In a thriving economy with opportunities for advancement and profit, consumers are more likely to spend. Those expenditures fuel economic growth, and it becomes a self-fulfilling prophecy. The further economic slowdown, on the other hand, is in addition to Bank of England forecasts that growth will slow by half a percent. The dampening has deepened since that forecast was made last summer.

The Bank of England has been pursuing macroeconomic policies which predict the scenario described in the article; in the time since the 2008 financial crisis the focus has been price stability. This has necessitated the setting of the lowest interest rates since the institution of the Bank of England began. These low interest rates do not predict credit and expansion of markets; the low Bank set interest rate occurs simultaneously with a tightened credit availability. A lack of credit for investment is a major contributor to slow or no economic growth. While this is frustrating for some, it is achieving the monetary policy goals as inflation has also remained low. Price stability is not just the policy for Mark Carney and the Bank of England; it is the stated policy of the Central European Bank, the US Federal Reserve as well as the Bank of Canada and others. Globally, low interest rates and tight credit have ensured that prices remain stable, but the disadvantage is that they have remained stable at the expense of growth in the economy. Less growth in the economy has affected jobs and this has affected spending. In a roundabout way, the lack of spending is ensuring the price stability as demand curves shjft to the left across industries and markets.

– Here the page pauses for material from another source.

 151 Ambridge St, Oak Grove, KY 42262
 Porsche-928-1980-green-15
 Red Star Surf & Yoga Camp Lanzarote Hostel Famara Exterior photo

Low interest rates set by central banks do not indicate that people are paying low interest rates; interest on credit cards, lease to own and doorstep loans and similar financial products remain in double and triple digits. There have been some savings in terms of interest for mortgage holders, however these savings have come at the expense of a dramatic reduction of equity in their home. Give the loss of asset this represents it is easy to understand why consumer spending by mortgage holders would be reduced, even though they are able to benefit from excellent rates of interest on their mortgage holders.

Low interest rates today predict low interest rates into the future, with further implications for slowed economic growth. As the monetary policy goal is price stability, then both an increase in growth and slow growth will have the net result of low set interest rates; given that the low set interest rates will continue, growth continues to be dampened. There seems little choice by decision makers to continue this cycle, as a spike in prices is even more likely to hurt consumer spending by reducing the overall spending power.

Consumer confidence is low, and for good reason. There may be further downturns for individual workers as permanent jobs transform into temporary and part time jobs. While the economy is improving very slowly, cautious households rightly keep any disposable income they do have tightly in their pocket.